Joseph Gilbert (1800 – 23 December 1881) was a pastoralist and winemaker in South Australia from 1839 until his death.

Gilbert was born in Puckshipton, Wiltshire, England, in the Vale of Pewsey. The second of four sons, his father was Joseph Gilbert and his mother, Jane (née Pike). He studied at Marlborough College in Wiltshire and learnt about vine-growing and winemaking on the European mainland.

He migrated to South Australia in 1839 on the Buckinghamshire and immediately erected his prefabricated two-roomed Manning cottage on an Adelaide allotment. He acquired a property on the South Para River and stocked it with sheep purchased from Van Diemen's Land. He later moved his flock to a selection near Lyndoch, which he named "Pewsey Vale" and developed into an ideal country home.

In 1847 he established Pewsey Vale winery in Eden Valley, the same year Jacob's Creek winery was established in the neighbouring Barossa Valley, with substantial cellars, and Pewsey Vale clarets, burgundies and hocks achieved considerable success.

He married Anna Browne (1812–1873) in 1848. Her brothers Dr. William James Browne (1815 – 4 December 1894) and Dr. John Harris Browne (1817–1904) made a wedding present of the property "Wongalere" near Williamstown. Joseph's brother William emigrated to South Australia and leased Wongalere for ten years, after which it was managed by Joseph's son, also called William.

In 1872 he acquired leases 3-5 in the Northern Territory, just north of Oodnadatta. His son William, in company with James Churchill-Smith and E. M. "Ted" Bagot (whose father E. M. "Ned" Bagot had acquired leases 1&2) drove 1,000 head of cattle from Adelaide to the MacDonnell Ranges.

Gilbert was a member of the South Australian Jockey Club and raced several good horses, notably Ace, Ace of Trumps (1874 Adelaide Cup winner), Skylark, Lapdog and Poodle.
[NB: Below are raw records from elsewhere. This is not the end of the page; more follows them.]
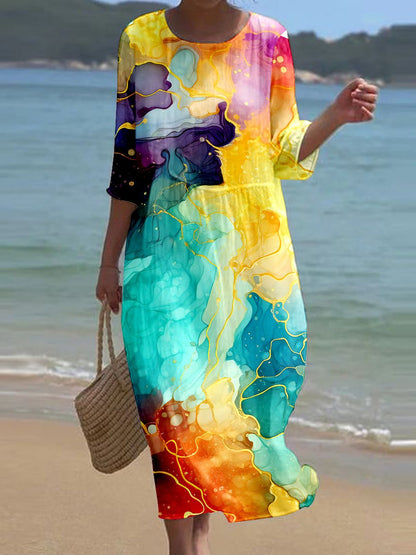 Women's Floral Art Printed Leisure Vacation Dress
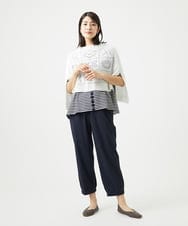 NGFGA30290 GIANNI LO GIUDICE(ジャンニ ロ ジュディチェ) [洗える・日本製]コットンレース編みニットポンチョ風ベスト ホワイト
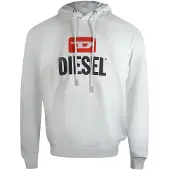 Diesel New D Logo Vit Hoodie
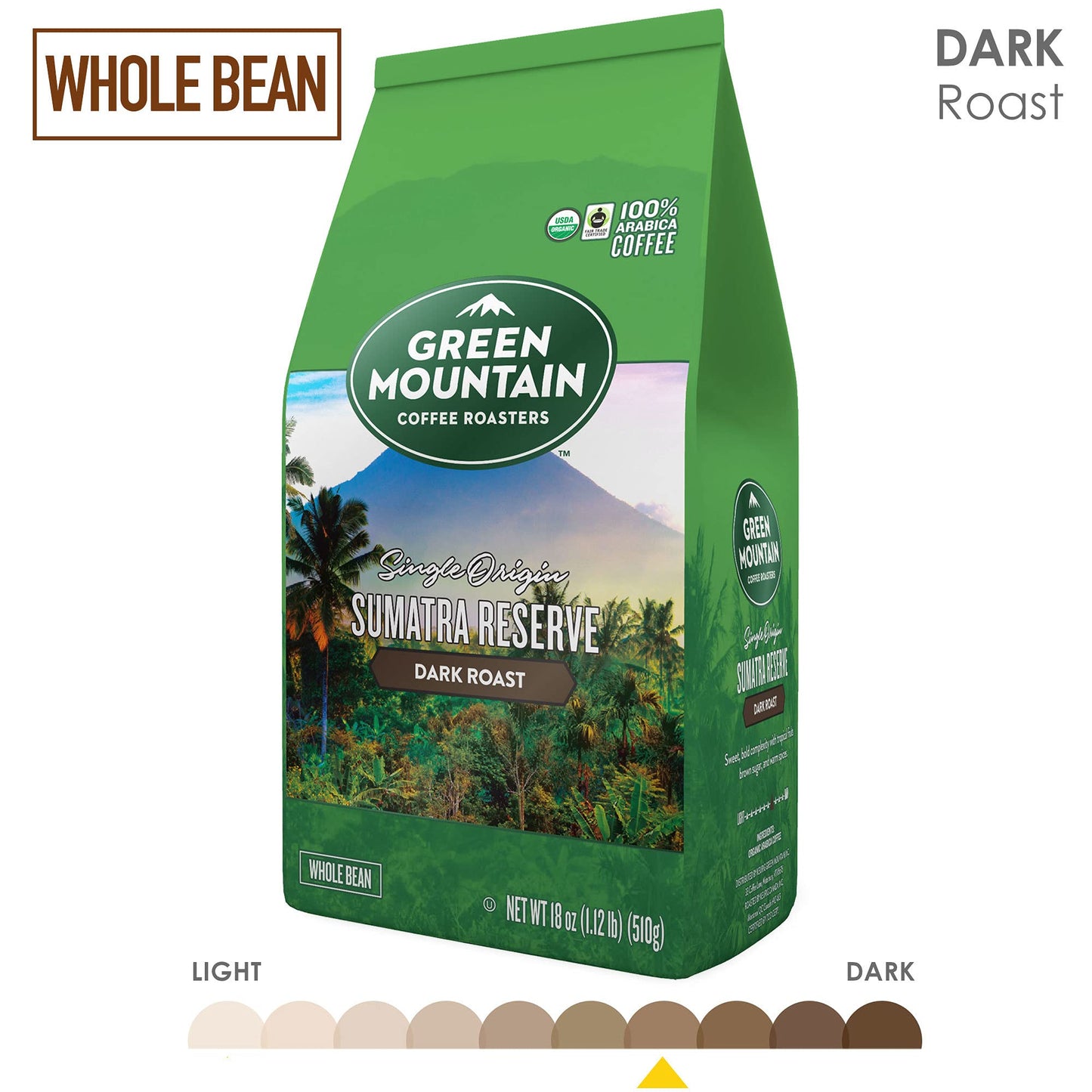 Green Mountain Coffee Roasters Sumatra Reserve, Whole Bean Coffee, Bagged 18 oz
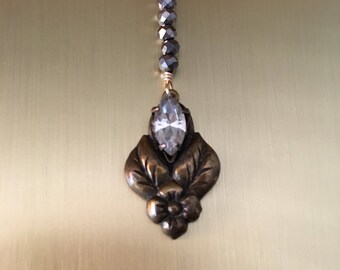 Vintage Brass and Crystal Leaf Motif Earrings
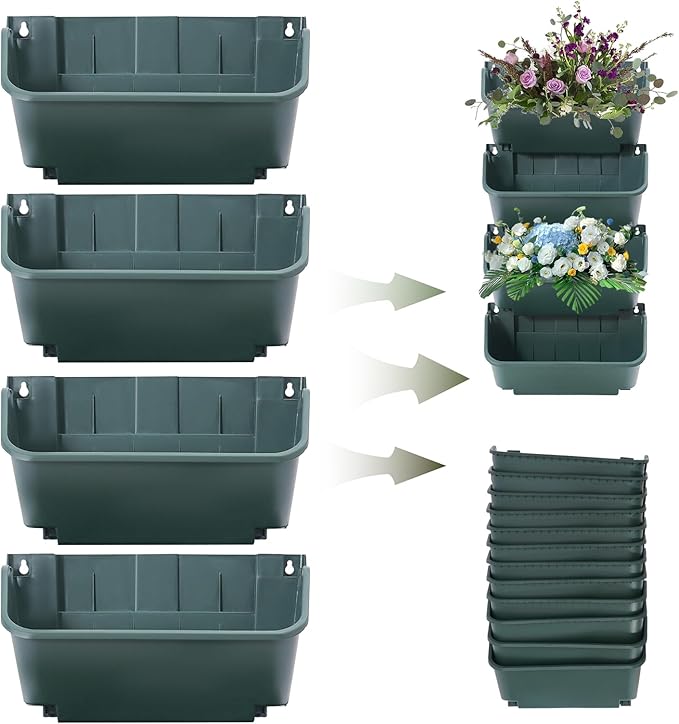 16 Pack Vertical Garden Planter,13 inch Wall Mounted Planter for Patio Indoor Outdoor Decor, Garden Self Watering Pot Balcony Plant Vegetable Fruit Herb Hanging Pocket Holder Flowerpot (Army Green)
Joseph and Anna Gilbert and several of their descendants were buried at the Pewsey Vale Anglican Cemetery built on land excised from their property in 1861; around half the graves or memorials are for members of the Gilbert family.

==Family==
Joseph Gilbert married Anna Browne (26 April 1812 – 28 September 1873), sister of Dr. W. J. Browne, at "Wongalere" on 21 January 1848. They had three children:
- William Gilbert (12 October 1850 – 29 March 1923) born at "Pewsey Vale", married Mary Young Clindening (26 January 1854 – 7 May 1939) on 22 July 1879; further developed the Pewsey Vale Estate. For details of their large family, see his article.
- Jane Gilbert (14 August 1852 – 21 January 1936) married Edward Charles Stirling MB FRCS (8 September 1848 – 20 March 1919) on 27 June 1877.
- Sarah Gilbert (24 June 1856 – 25 May 1936) married Colonel John Adam Dalrymple-Fergusson (7 May 1845 – 5 December 1920) on 31 July 1871 and retired to England. (Fergusson became Professor of Tactics, Military Law and Administration at Royal Military College, Sandhurst, Berkshire).

==Recognition==
His name was given to the Adelaide suburb of Gilberton, South Australia.